I had some fleeting and absurd (patently so to me even at the time) visions of one of the NCOs looking cock-eyed at my Berkeley t-shirt and cargo shorts and saying, “Well, well, well, looks like we already got ourselves a troublemaker,” or some such. Instead, they found me someone with an extra set of clothes I could borrow.
Then, another NCO pulled me aside and told me my hair was too long, and I should get it cut as soon as possible. Another strike, also insignificantly minor in any reasonable scheme of things, but consider: I’d now been there a whole 15 minutes or so and my sole interaction with the Army thus far consisted of being told what I needed to fix. At the time, I was glad they weren’t handing out guns yet or else I’d probably have blown my own foot off.

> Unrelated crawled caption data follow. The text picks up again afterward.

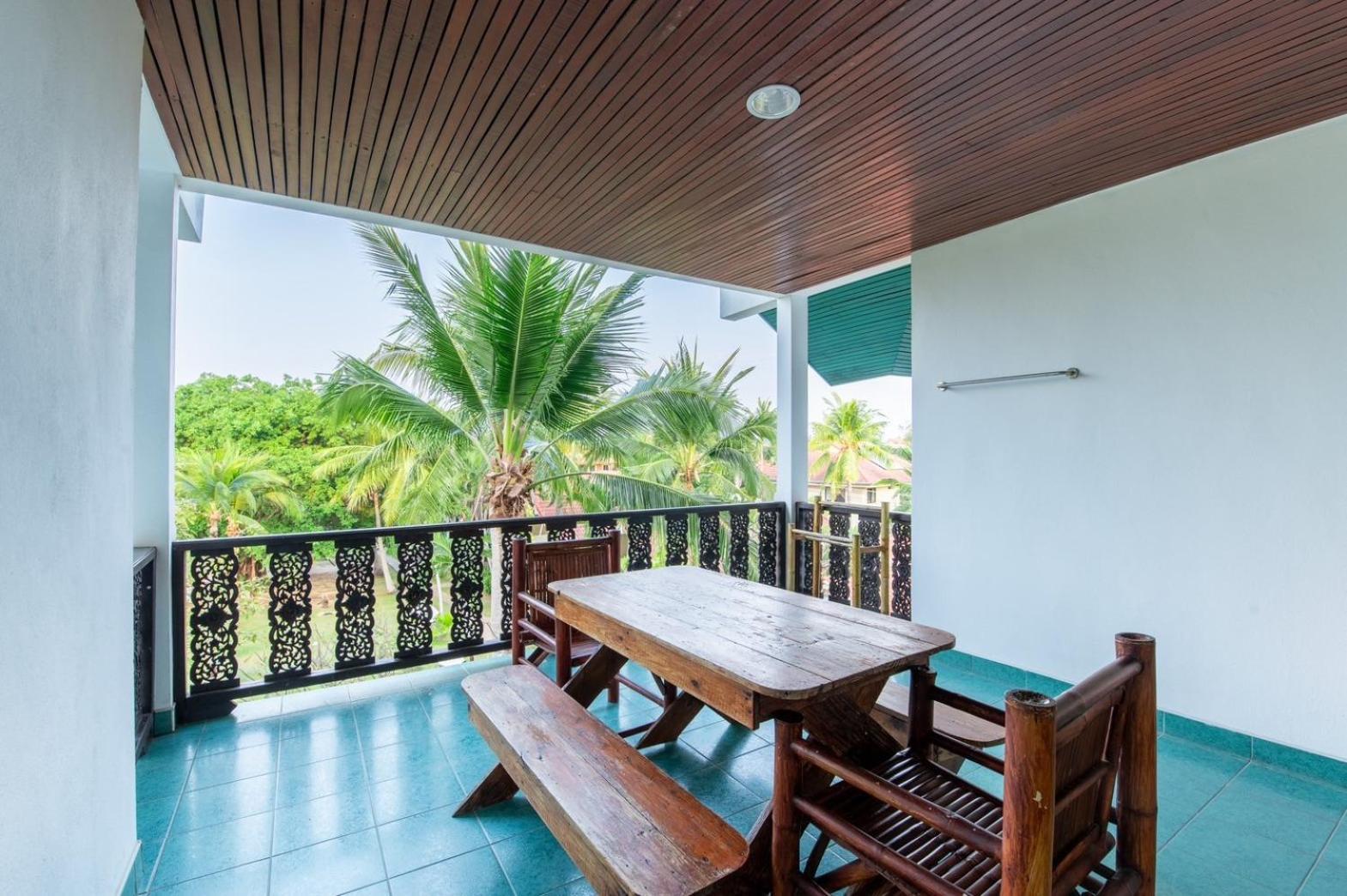 סאם רוי יוט Dolphin Bay Beach Resort מראה חיצוני תמונה
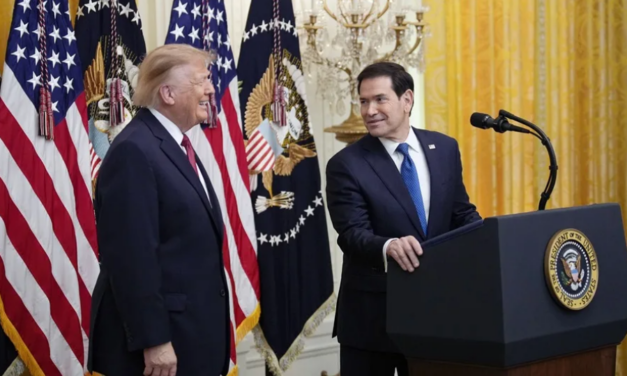 Trump solicitó atención a las medidas financieras que tomará Rubio sobre Cuba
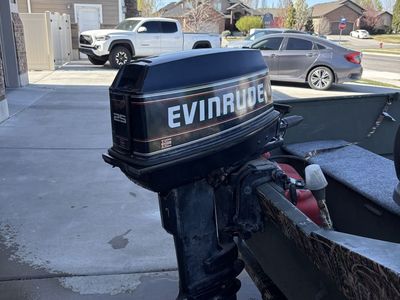 25hp 2-stroke Evinrude, New Cond. Low Hours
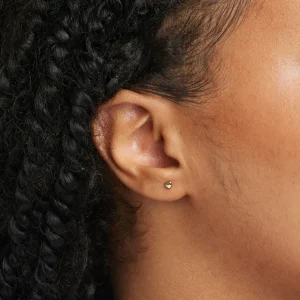 Heart Stud Earrings in Gold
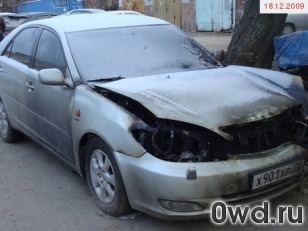 Битый автомобиль Toyota Camry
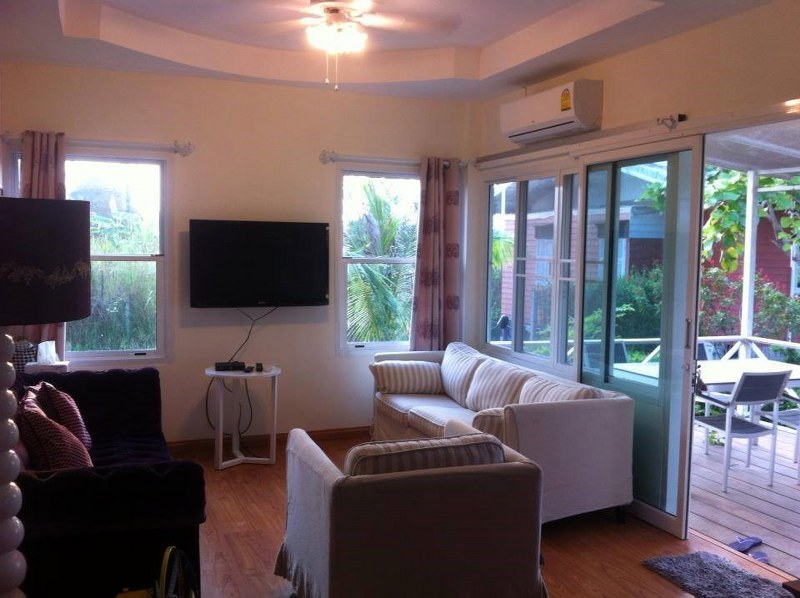 ที่พักหัวหินราคาหลักร้อย 2567 บรรยากาศดีเกินราคา ไม่ไกลจากทะเล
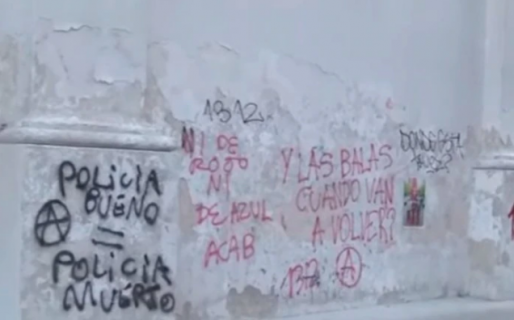 Anarquistas pintaron la Catedral de Buenos Aires con insultos a la Iglesia y a la Policía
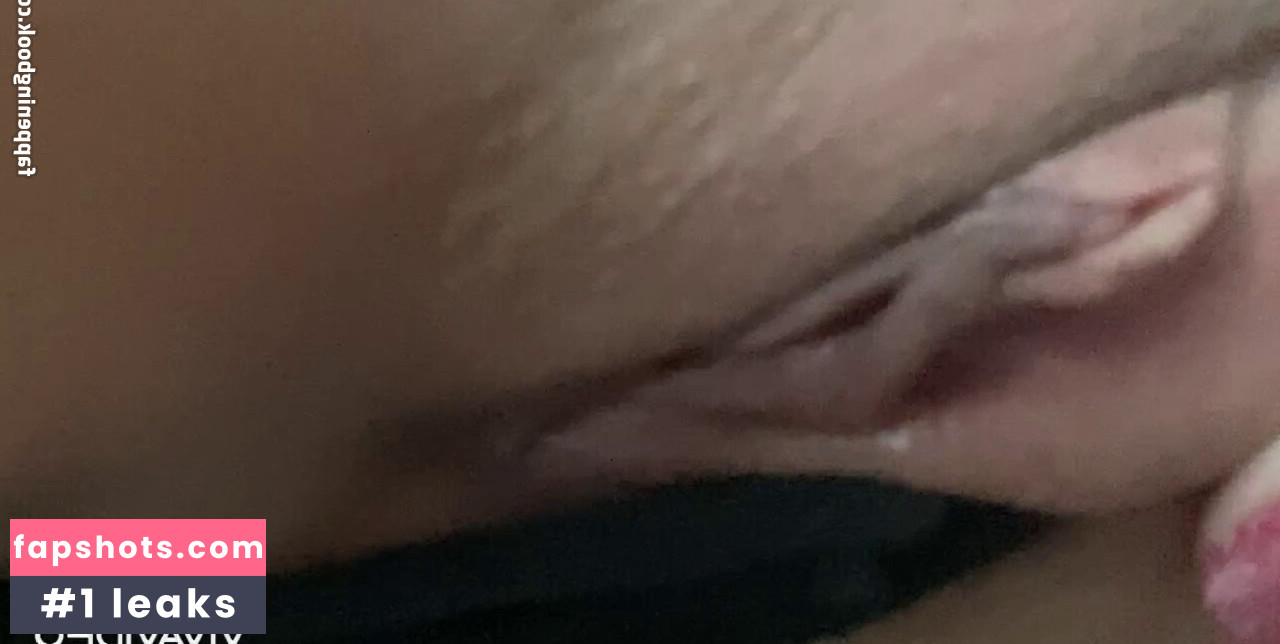 Arya Volks gallery photo #13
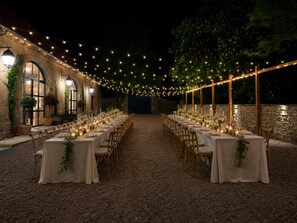 Espace de banquet à l’extérieur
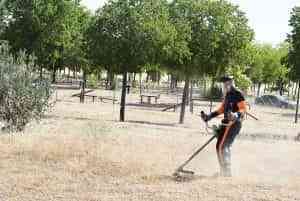 Desbrozados 150.000 metros cuadrados de zonas periféricas y periurbanas de Puertollano para prevenir incendios
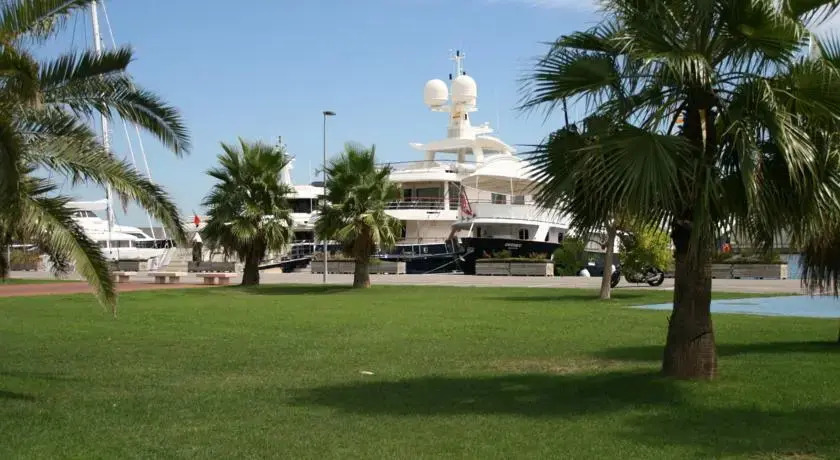 B&B Boat St. Katharine Barcelona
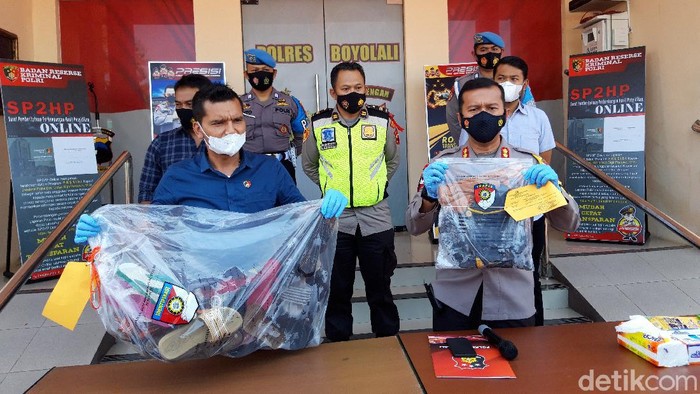 Jumpa pers kasus perahu terbalik di Waduk Kedungombo Boyolali, Selasa (18/5/2021).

It turns out that there were multiple people who needed haircuts. And they apparently hadn’t been distressed by the fact that the barber shop was closed. There were also some who showed up the next morning in the wrong PT uniform. But I didn’t see any of that that afternoon, I saw only well-prepared people who made me look like a slacker or an incompetent, and I thought to myself that it would be a real shame if they figured that out about me so soon. I’d been hoping to space out revealing those facets of myself over at least a few months.
Of course, I went through this in 1972, arguably a nastier time to be joining the Service. But it’s perversely gratifying, I suppose, to see that the same sort of effort to rip the new arrivals out of their comfort zones is still being made today.
And best of all, this chap is heading for the Judge Advocate General’s Corps. An officer, natch. We lowlifes in the bottom enlisted ranks always assumed that butterbars and such were getting an easier time of it: sometimes it was quite a while before we learned otherwise.